Gustavo Adolfo Alberto Benavente Vergara (born 13 August 1966) is a Chilean politician who serves as deputy.

== Early life and education ==
He was born on 13 August 1966 in San Isidro, Longaví, Chile. He is the son of Gustavo Benavente Zañartu and Leonor Vergara Silva. He is married to María Magdalena Ruiz-Tagle Silva and is the father of five children.

He studied law at the Gabriela Mistral University, where he earned a degree in Legal and Social Sciences with a thesis entitled “Carlos Ibáñez del Campo: 1927–1931, 1952–1958” (1994). He qualified as a lawyer on 25 July 1994.

== Professional career ==
In his professional practice, he served as chief legal counsel at the Duoc Foundation and as legal counsel of the Pacific Railroad Company (Empresa de Ferrocarriles del Pacífico S.A., FEPASA). In early 2001, he joined the law firm Tagle, Cifuentes y Cía Abogados, eventually becoming one of its principal partners.

== Political career ==
He is a member of the Independent Democratic Union (UDI) and has served as a legislative adviser on various legislative initiatives.

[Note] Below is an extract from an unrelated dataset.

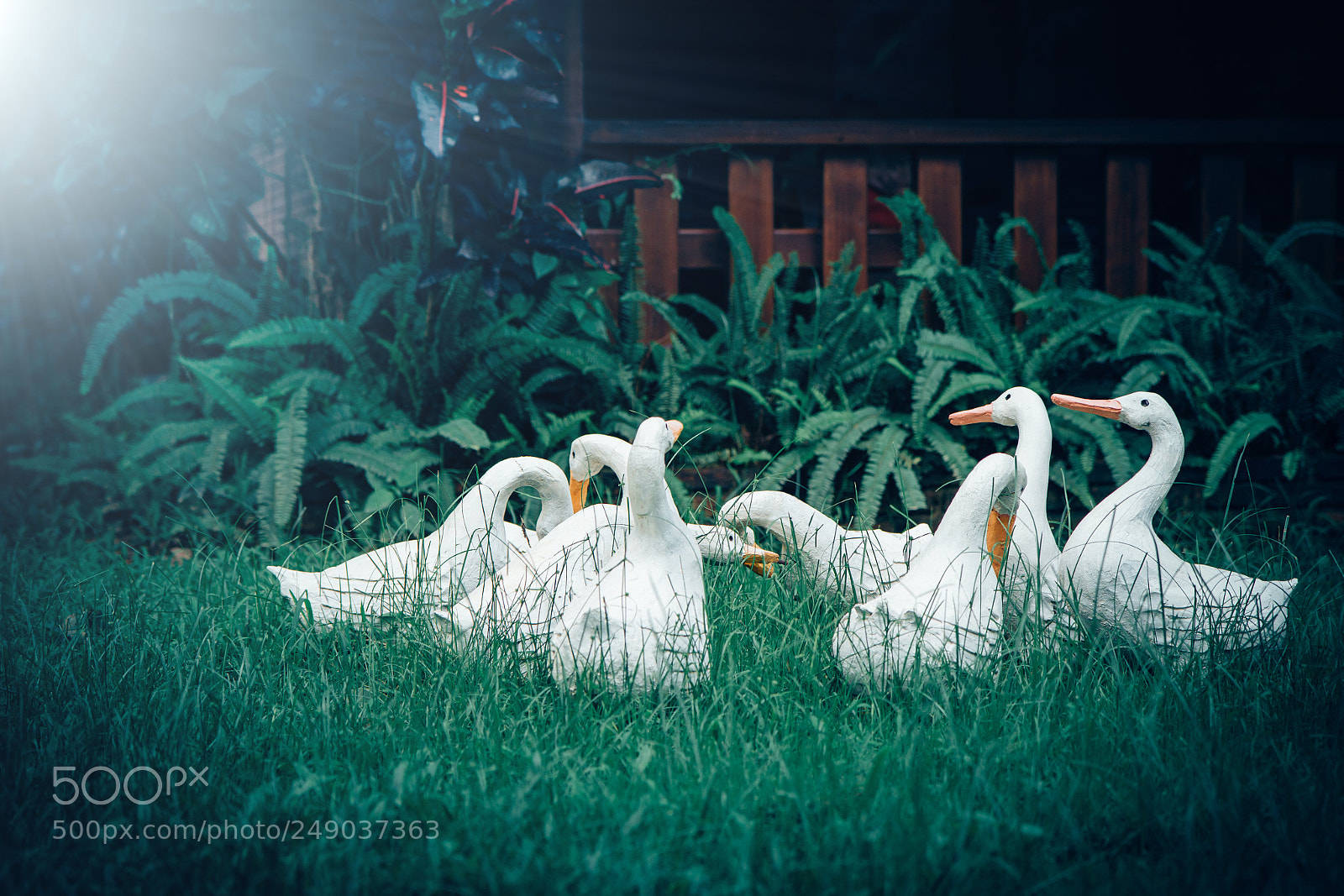 Canon EOS 60D sample photo. White duck family sculptures photography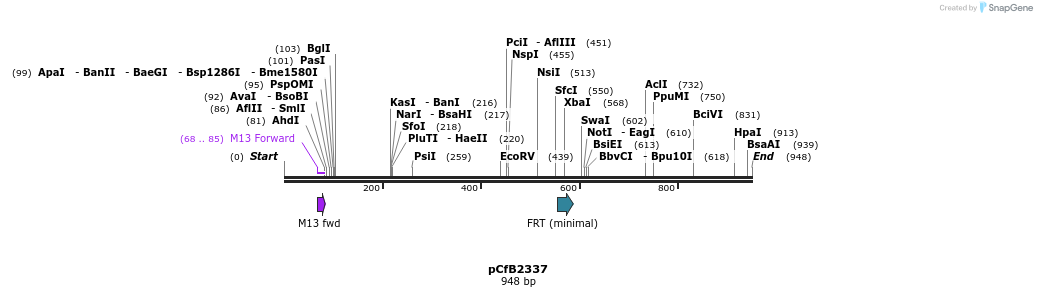 127801_map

In August 2021, under the campaign slogan “New Energy for Southern Maule”, he presented his candidacy for the Chamber of Deputies of Chile, representing the Independent Democratic Union within the Chile Podemos Más coalition, in the 18th District of the Maule Region. This district includes the communes of Cauquenes, Chanco, Colbún, Linares, Longaví, Parral, Pelluhue, Retiro, San Javier, Villa Alegre, and Yerbas Buenas. He was elected with 8,099 votes, corresponding to 6.88% of the valid votes cast.

He ran for re-election in the same district in the parliamentary elections held on 16 November 2025, representing the Independent Democratic Union within the Chile Grande y Unido coalition. He was not elected, obtaining 10,884 votes, equivalent to 4.46% of the total votes cast.